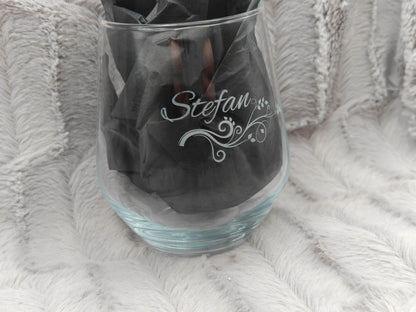 Trinkglas mit Gravur personalisiert Glas Becherglas Weinglas 450ml mit individueller Gravur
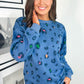 Sky Blue Leopard Drop Shoulder Plus Size Sweatshirt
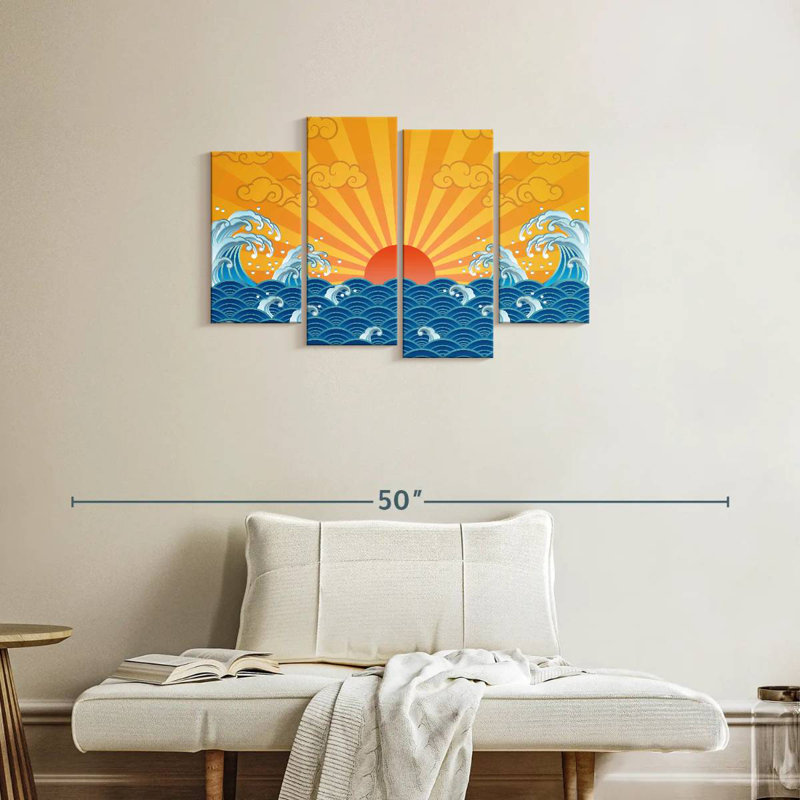 Gillard Oriental Sunrise Waves, H 22 po x l 36 po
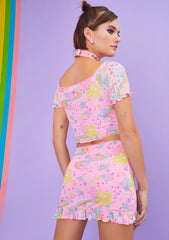 Rainbow Ride Mesh Mini Skirt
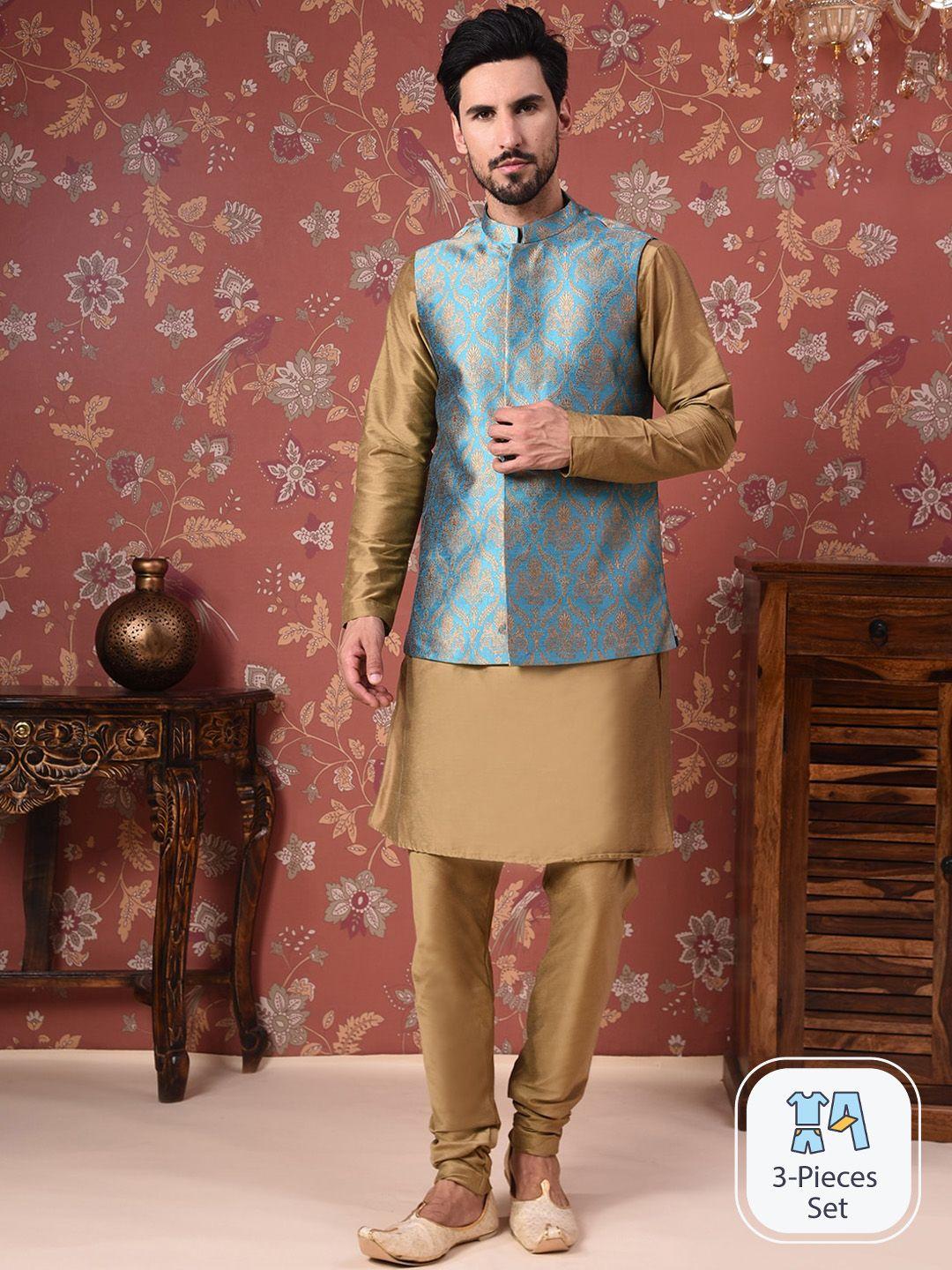 house of pataudi straight kurta with churidar & woven design nehru jacket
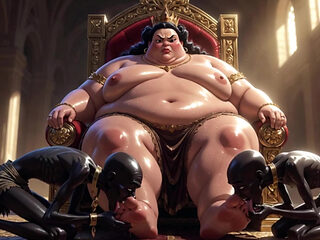 Huge BBW Mistress Foot Worship - Slaves Licking Her Feet to Ecstasy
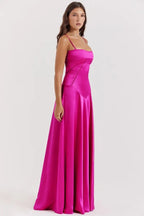 Robe longue corset à bretelles fines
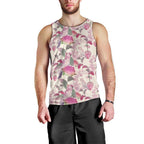 Pink Cockatoo Australia Men Tank Top Tropical Flowers - Seamless Pattern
----
* _EXERCISE DESCRIPTION_:
Now repeat exactly the lines from the one with "Robe longue corset à bretelles fines" through the end of the listing above, both included, omitting all pictures.

* _TASK SOLUTION_:
 Robe longue corset à bretelles fines
 Pink Cockatoo Australia Men Tank Top Tropical Flowers - Seamless Pattern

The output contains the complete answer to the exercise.